GESTIRE LE RISORSE COLLETTIVE

È POSSIBILE GESTIRE TUTTE LE RISORSE (UMANE, FINANZIARIE E NATURALI) MEGLIO DI QUANTO FACCIAMO OGGI?

Per rispondere a questa domanda, è opportuno premettere alcune definizioni in merito alla loro classificazione.

Classificazione delle risorse

Le risorse si distinguono in rivali e non rivali, escludibili e non escludibili, come segue:

  • Risorsa rivale
    Una risorsa si definisce rivale quando il suo impiego esclude l’utilizzo da parte di un altro.
  • Risorsa non rivale
    Una risorsa si definisce non rivale se essa può essere utilizzata da diversi individui, senza costi supplementari.
  • Risorsa escludibile
    Una risorsa si definisce escludibile quando chi la possiede può impedirne l’accesso ad altri attraverso l’istituzione di regole, come ad esempio il “diritto di proprietà”.
  • Risorsa non escludibile (ad accesso libero o regolamentato)
    Una risorsa si definisce non escludibile se il suo utilizzo non può essere riservato a chi è titolare di un diritto di proprietà bensì è a disposizione di tutti.
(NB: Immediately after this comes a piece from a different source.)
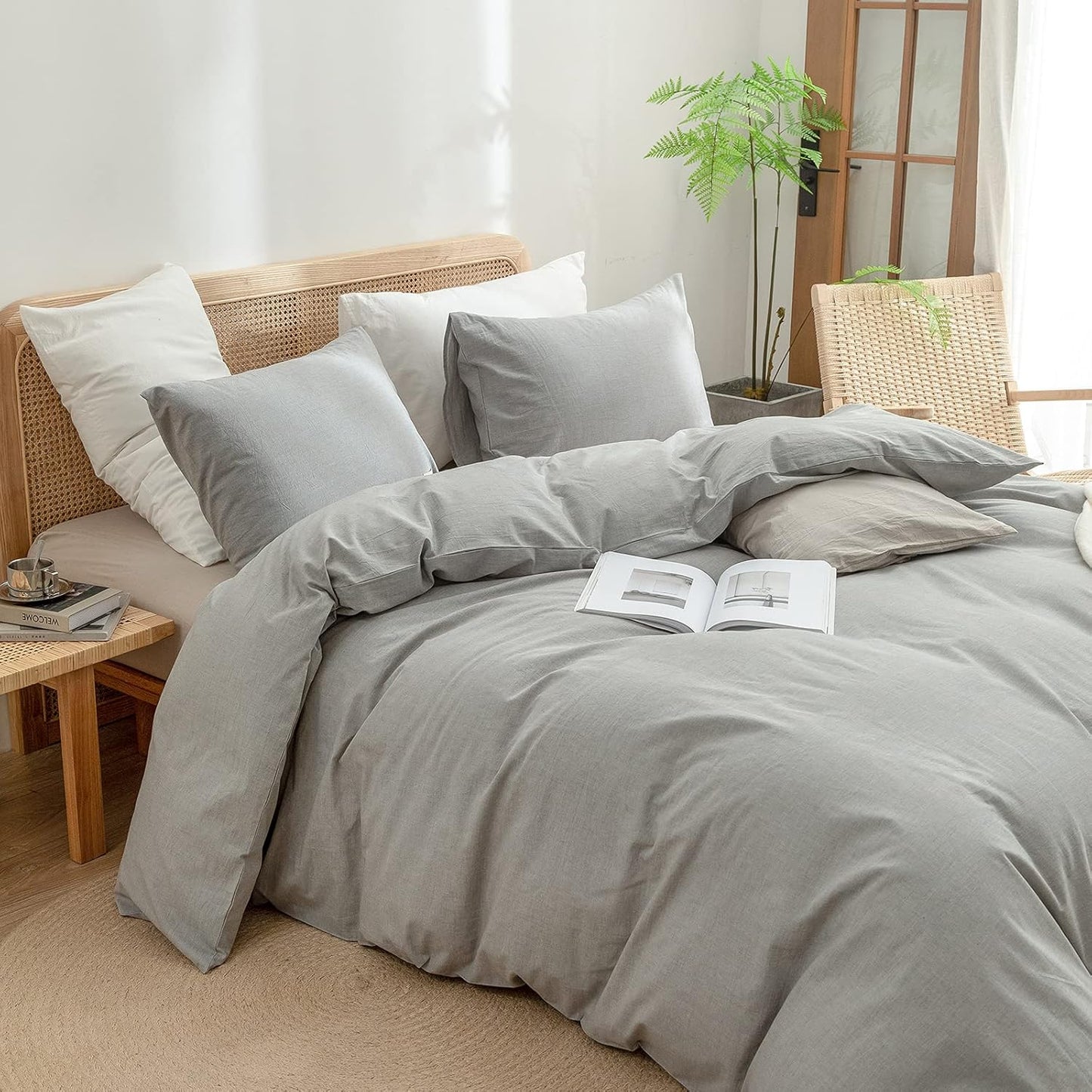 BESTOUCH Duvet Cover Set 100% Washed Cotton Linen Feel Super Soft Comfortable Chic Lightweight 3 PCs Home Bedding Set Solid Light Grey Full/Double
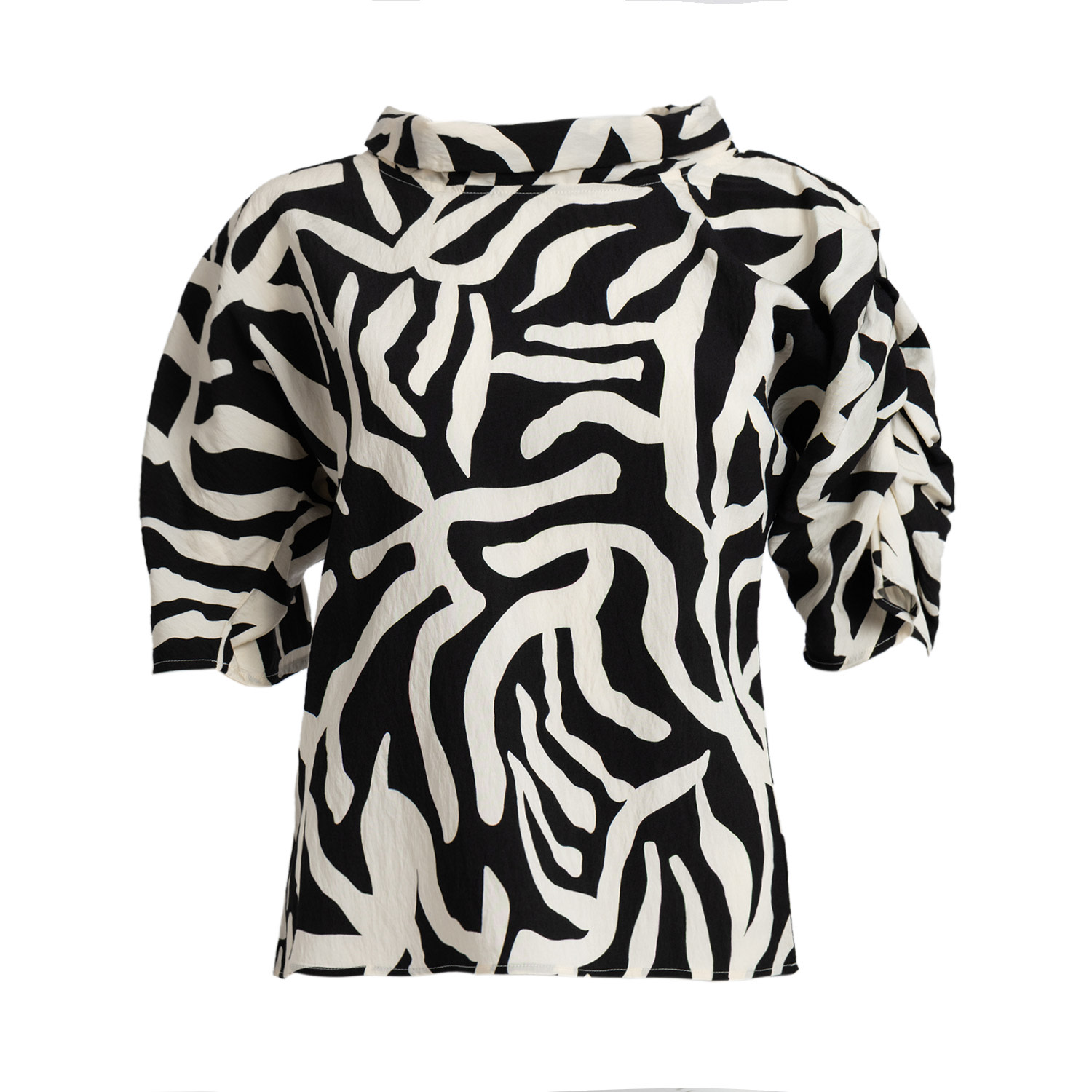 Bianca Popp Women's Black / White Puff Blouse With Collar In Black & White In Black/white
Essa può anche essere sottoposta a determinate regole di comportamento.

In base alle caratteristiche di rivalità e di escludibilità, le risorse si classificano in:

  • Risorsa privata
    È una risorsa rivale ed escludibile, soggetta al diritto di proprietà.
    È quella che viene comunemente chiamata merce.
  • Risorsa pubblica
    È una risorsa collettiva, non rivale e non escludibile, della quale tutti possono beneficiare liberamente.
    Esempio: l’aria che si respira.
  • Risorsa ibrida
    È una risorsa collettiva, non rivale ma escludibile, alla quale si accede dietro pagamento di una quota.
    Esempi: ponti e autostrade a pedaggio, spettacoli a pagamento.
  • Risorsa comune
    È una risorsa collettiva, rivale e non escludibile, alla quale non si applica il diritto di proprietà. Per la sua gestione, occorre predisporre una serie di regole e di istituzioni. In sostanza, essa è una risorsa non escludibile ma ad accesso regolamentato.

    Esempi: acqua potabile, foreste, reti ferroviarie, reti elettriche, zone di pesca, pascoli, sistemi d’irrigazione, terreno fertile di superficie, combustibili fossili, moneta, lavoro, et cetera.

Infine, le risorse ibride, comuni e pubbliche appartengono al gruppo delle risorse collettive.

                                                                                                                                           Tabella: classificazione delle risorse

La “tragedia delle risorse collettive”

L’acqua potabile, i pascoli, le foreste, il terreno fertile di superficie (il cosiddetto humus), le zone di pesca oceaniche, i combustibili fossili, ossia gran parte del capitale naturale e dei servizi ecosistemici di interesse, sono risorse collettive rivali. Esse dovrebbero essere correttamente gestite come risorse comuni, ossia come risorse collettive ad accesso regolamentato (common). Oggi invece sono quasi universalmente gestite come risorse private e sono inesorabilmente fatte oggetto di accaparramento e predazione, fino al loro esaurimento.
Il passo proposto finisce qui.